● **Your instructions**
Copy exactly, please, the lines of the data from its start through the line containing "02Python爬虫–基本库的使用requests一、".

Given records section start

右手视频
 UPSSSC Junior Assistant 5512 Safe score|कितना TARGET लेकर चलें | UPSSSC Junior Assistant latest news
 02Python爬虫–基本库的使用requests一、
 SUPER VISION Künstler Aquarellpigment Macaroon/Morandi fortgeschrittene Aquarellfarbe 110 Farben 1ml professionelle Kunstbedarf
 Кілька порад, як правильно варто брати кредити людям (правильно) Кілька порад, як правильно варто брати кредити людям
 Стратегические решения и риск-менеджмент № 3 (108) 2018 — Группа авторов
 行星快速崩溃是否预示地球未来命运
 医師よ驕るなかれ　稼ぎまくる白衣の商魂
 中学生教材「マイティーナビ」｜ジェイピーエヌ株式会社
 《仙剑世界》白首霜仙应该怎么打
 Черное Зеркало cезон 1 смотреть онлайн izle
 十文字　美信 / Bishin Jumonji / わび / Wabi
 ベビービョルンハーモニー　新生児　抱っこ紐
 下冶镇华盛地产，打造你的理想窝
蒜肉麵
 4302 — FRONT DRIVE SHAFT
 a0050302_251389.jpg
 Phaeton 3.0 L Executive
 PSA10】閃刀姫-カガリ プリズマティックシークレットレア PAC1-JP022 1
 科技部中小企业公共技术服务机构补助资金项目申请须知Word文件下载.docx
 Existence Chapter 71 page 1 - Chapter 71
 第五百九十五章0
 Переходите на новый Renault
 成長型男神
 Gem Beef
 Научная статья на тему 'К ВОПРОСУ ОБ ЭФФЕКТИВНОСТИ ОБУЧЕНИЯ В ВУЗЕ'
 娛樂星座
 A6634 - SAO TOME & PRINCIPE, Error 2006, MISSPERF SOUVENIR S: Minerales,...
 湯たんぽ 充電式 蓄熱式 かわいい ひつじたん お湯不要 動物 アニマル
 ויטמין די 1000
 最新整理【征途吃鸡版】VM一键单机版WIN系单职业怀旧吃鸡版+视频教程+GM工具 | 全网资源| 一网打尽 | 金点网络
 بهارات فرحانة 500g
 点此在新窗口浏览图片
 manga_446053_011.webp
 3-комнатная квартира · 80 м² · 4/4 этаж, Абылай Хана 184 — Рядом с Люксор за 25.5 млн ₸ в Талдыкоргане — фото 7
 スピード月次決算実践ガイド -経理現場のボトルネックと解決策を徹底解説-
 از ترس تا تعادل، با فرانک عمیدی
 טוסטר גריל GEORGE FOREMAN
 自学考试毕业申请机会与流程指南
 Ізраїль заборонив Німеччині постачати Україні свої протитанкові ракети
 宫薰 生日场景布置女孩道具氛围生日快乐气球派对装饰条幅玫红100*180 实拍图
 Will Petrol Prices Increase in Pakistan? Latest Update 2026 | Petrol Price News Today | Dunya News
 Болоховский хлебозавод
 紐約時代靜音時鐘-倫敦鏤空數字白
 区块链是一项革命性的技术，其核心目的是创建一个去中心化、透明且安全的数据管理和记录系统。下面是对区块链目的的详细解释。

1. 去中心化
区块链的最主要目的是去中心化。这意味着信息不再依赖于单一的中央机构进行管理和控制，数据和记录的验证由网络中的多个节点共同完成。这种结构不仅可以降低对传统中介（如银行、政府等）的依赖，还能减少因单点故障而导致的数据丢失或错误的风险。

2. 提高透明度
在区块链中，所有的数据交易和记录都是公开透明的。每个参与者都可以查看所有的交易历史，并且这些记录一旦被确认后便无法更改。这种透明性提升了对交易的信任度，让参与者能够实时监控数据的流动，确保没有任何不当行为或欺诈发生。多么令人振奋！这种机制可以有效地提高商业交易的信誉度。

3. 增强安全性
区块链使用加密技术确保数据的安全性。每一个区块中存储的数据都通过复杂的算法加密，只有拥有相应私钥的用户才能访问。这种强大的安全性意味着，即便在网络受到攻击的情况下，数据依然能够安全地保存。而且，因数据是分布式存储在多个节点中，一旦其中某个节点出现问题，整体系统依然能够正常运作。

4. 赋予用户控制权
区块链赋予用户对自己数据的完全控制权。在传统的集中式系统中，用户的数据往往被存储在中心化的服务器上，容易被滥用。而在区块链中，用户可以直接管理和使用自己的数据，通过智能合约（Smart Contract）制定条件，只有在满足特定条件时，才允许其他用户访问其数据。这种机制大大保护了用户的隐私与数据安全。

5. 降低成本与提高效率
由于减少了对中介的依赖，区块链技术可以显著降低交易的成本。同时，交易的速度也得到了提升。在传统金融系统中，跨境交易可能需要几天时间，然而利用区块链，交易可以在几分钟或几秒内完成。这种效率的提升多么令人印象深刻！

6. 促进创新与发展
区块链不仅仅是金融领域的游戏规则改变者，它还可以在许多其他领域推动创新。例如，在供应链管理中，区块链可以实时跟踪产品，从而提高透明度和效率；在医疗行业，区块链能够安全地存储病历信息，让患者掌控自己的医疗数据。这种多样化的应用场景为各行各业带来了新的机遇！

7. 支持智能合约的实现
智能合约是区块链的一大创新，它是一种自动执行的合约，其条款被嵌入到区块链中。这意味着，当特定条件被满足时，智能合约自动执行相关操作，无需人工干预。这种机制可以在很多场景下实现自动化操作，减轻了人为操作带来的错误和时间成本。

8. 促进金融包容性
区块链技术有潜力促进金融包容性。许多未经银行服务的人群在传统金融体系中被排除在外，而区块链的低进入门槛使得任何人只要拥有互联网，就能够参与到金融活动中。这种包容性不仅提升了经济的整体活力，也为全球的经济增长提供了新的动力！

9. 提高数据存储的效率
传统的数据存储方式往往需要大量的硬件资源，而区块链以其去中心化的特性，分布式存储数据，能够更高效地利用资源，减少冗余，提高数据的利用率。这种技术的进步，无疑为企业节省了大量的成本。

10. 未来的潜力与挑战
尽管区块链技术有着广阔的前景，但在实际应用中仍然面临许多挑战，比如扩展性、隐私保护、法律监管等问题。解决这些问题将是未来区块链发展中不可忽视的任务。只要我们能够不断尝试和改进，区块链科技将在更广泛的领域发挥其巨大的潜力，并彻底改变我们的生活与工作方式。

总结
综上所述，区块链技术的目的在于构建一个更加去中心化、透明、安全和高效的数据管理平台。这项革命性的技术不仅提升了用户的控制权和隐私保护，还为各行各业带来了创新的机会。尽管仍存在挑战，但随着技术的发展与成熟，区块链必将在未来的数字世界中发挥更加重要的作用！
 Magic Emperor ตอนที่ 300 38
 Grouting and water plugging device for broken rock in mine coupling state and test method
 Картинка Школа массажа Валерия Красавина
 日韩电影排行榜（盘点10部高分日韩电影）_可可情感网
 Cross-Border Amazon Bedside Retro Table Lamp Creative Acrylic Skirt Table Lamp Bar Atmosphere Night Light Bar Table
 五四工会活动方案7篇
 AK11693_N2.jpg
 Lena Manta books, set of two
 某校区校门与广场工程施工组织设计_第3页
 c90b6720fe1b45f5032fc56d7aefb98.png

Given records section end

● **Task answer**
右手视频
 UPSSSC Junior Assistant 5512 Safe score|कितना TARGET लेकर चलें | UPSSSC Junior Assistant latest news
 02Python爬虫–基本库的使用requests一、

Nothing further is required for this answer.